Bersuker I. The Jahn-Teller Effects. Encyclopedia. Available at: Accessed June 18, 2024.
Bersuker, Isaac. "The Jahn-Teller Effects" Encyclopedia, (accessed June 18, 2024).
Bersuker, I. (2021, October 21). The Jahn-Teller Effects. In Encyclopedia.
Bersuker, Isaac. "The Jahn-Teller Effects." Encyclopedia. Web. 21 October, 2021.
The Jahn-Teller Effects

The fundamental property of a polyatomic system to undergo spontaneous symmetry breaking was first formulated by L. Landau in 1934 as follows: the configuration of any nonlinear polyatomic system in a degenerate electronic state undergoes spontaneous distortions that remove the degeneracy. This groundbreaking idea, appended with proof, was published by H. Jahn and E. Teller, resulting in what is presently known as the Jahn-Teller effect (JTE). Since then, many extensions of this groundbreaking idea were revealed and developed. Presently, four types of electronic structures that lead to spontaneous symmetry breaking are revealed: in addition to electronic degeneracy resulting in the proper Jahn-Teller effect, two or more close in energy (pseudodegenerate) electronic states may lead to similar instability and distortions, called the pseudo-JTE (PJTE), and the same spontaneous distortion effects may take place when there is neither degeneracy, nor pseudodegeneracy in the fground state of the high-symmetry configuration, but a strong JTE or pseudo-JTE take place in a low-lying excited state, that penetrates the ground state, distorting the system; these are the hidden -JTE and hidden-PJTE, respectively.

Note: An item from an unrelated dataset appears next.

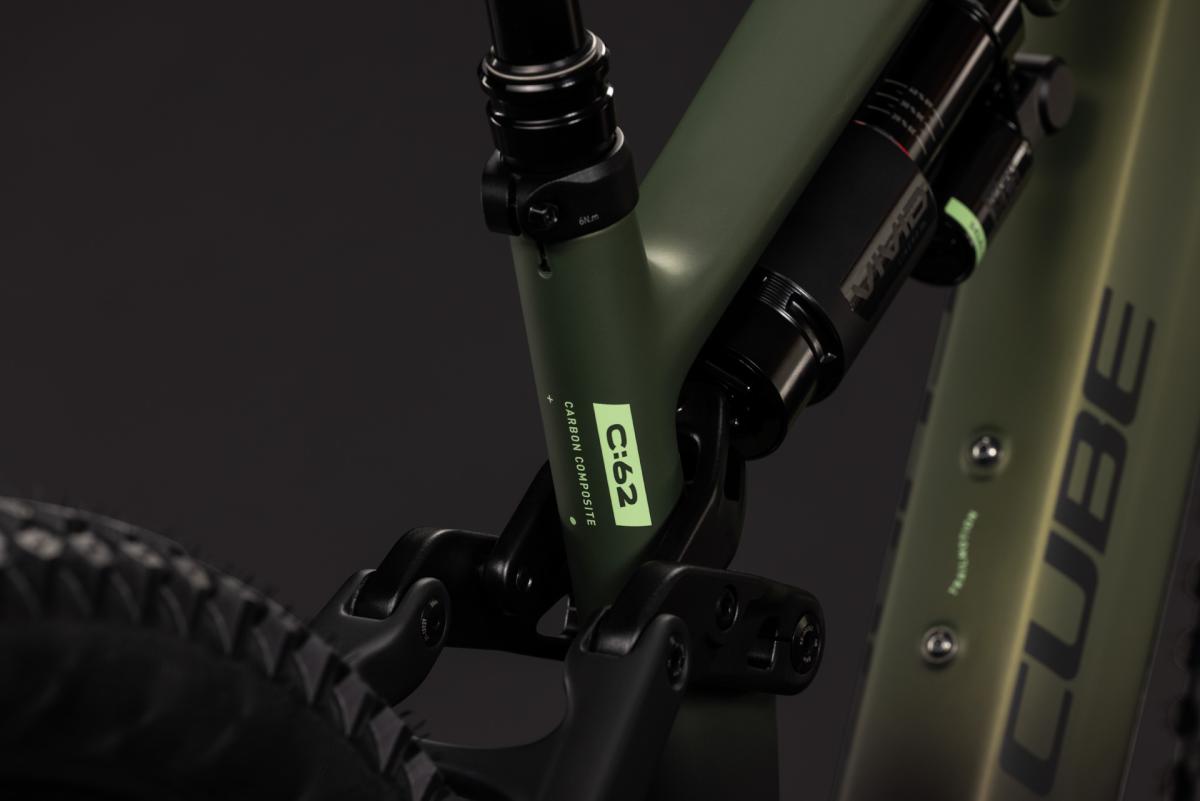 Cube AMS Hybrid 177 C:62 TM 600X reedgreen'n'gills – Bild 3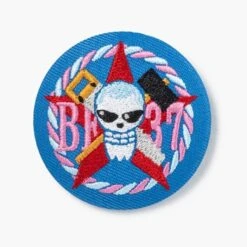 Embroidery Tin Badge Vol.2 - ONE PIECE (1Pcs/Random)(Embroidery Tin Badge Vol 2 One Piece 1pcs Random) -ICHIBA TOYS SHOP embroidery tin badge vol2 one piece 1pcsrandom pin toei animation 769290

Jahn-Teller effect Pseudo-Jahn-Teller effect Hidden Jahn-Teller effect Hidden pseudo-Jahn-Teller effect

1. History and Extended Definitions

Since the first formulations of the JTE [1][2] the understanding of the origin of space configuration of polyatomic systems and their spontaneous distortions has undergone dramatic developments [3][4][5][6][7]. First, it was shown that the spontaneous distortion may take place also when the degenerate energy level is slightly split (pseudodegenerate) [8]. This result served as a trigger to a much more important conclusion that sufficiently strong vibronic coupling between any two electronic states (often ground and excited) with any energy gap between them may lead to instability and distortion of high-symmetry polyatomic configurations; this is the pseudo-JTE (PJTE) (see in [3][4][5][7][9]). More recently, it was shown that in the absence of electronic degeneracy and sufficient pseudodegeneracy in the ground state of a high-symmetry system (meaning no JTE or PJTE), there may be a strong JTE or PJTE in the low-lying excited electronic state that penetrate the high-symmetry ground state producing a distorted ground state configuration. These are the hidden-JTE (h-JTE) and hidden-PJTE (h-PJTE), respectively [10][11]. Fig. 1 illustrates these definitions of the four kind of JTE-type effects, jointly JT effects (JTEs) of instability and spontaneous distortions of high-symmetry configuration of polyatomic systems.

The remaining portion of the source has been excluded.